== TASK GOAL ==
Restate the listing below word for word, omitting any images.

== PROVIDED DATA ==
******
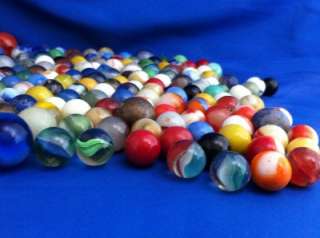 Rare 1890s 1930s Antique Glass Marbles, Wide Variety of a 150 Colors 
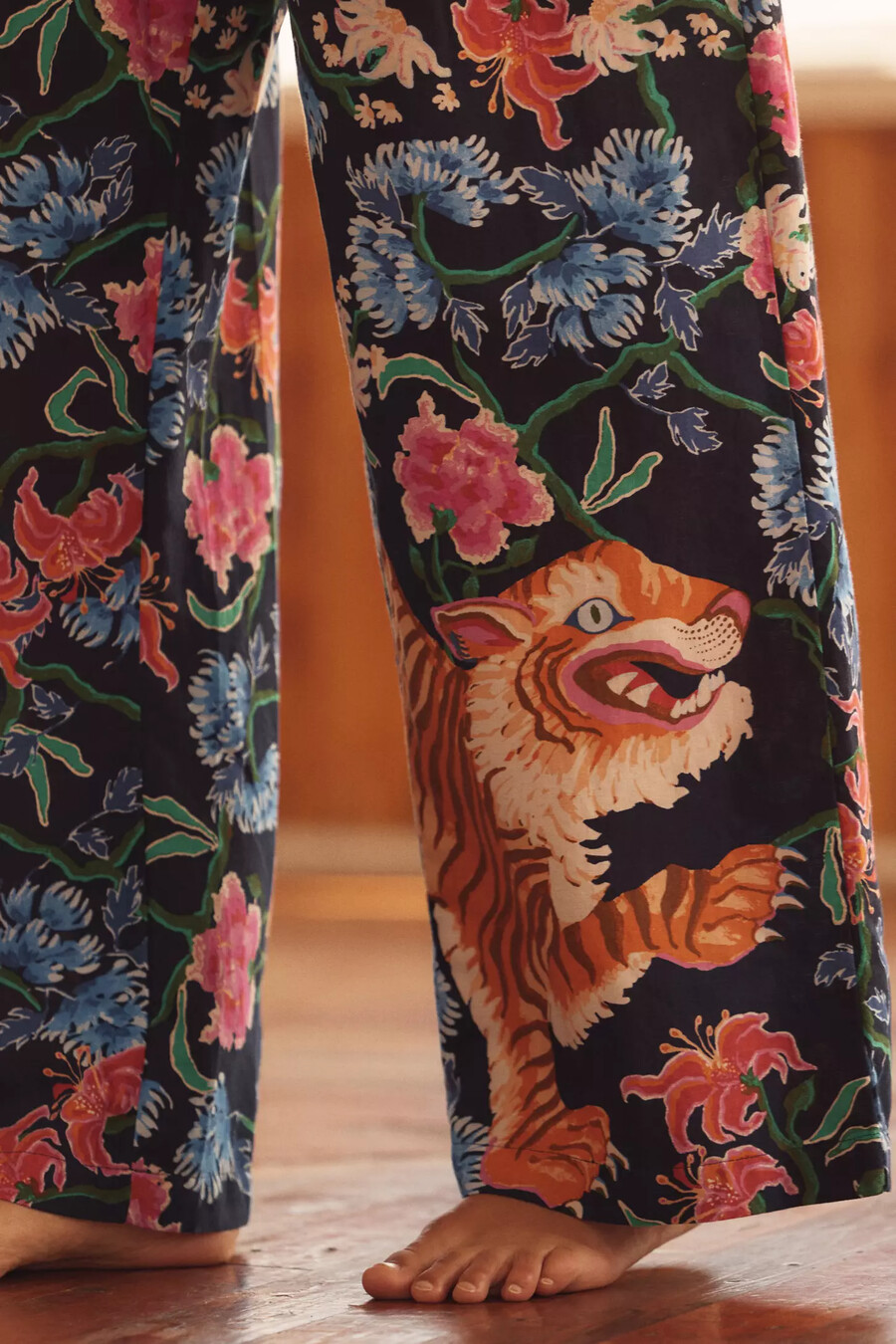 pantaloni del pigiama in flanella lyrebird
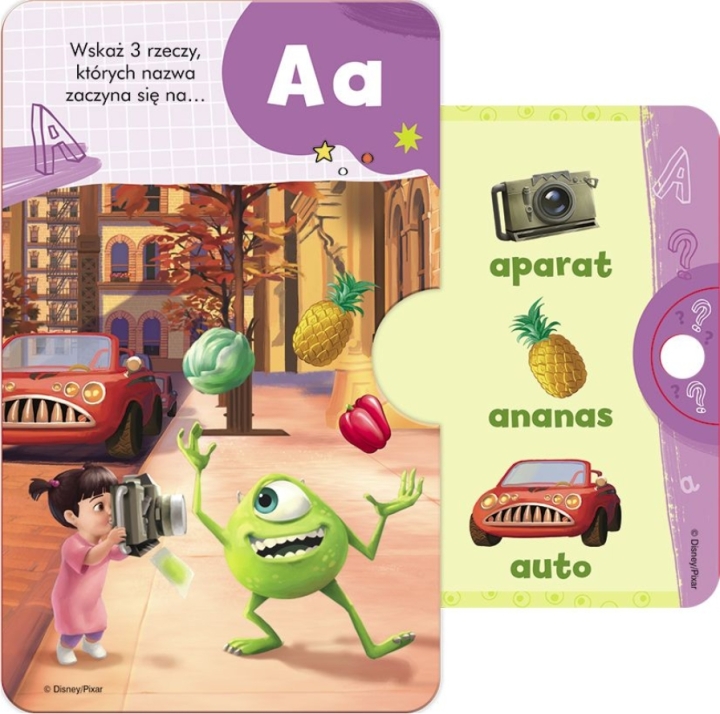 Disney MIX. Karty Alfabet 1 sztuka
******
== REPLY ==
 Rare 1890s 1930s Antique Glass Marbles, Wide Variety of a 150 Colors 
 pantaloni del pigiama in flanella lyrebird
 Disney MIX. Karty Alfabet 1 sztuka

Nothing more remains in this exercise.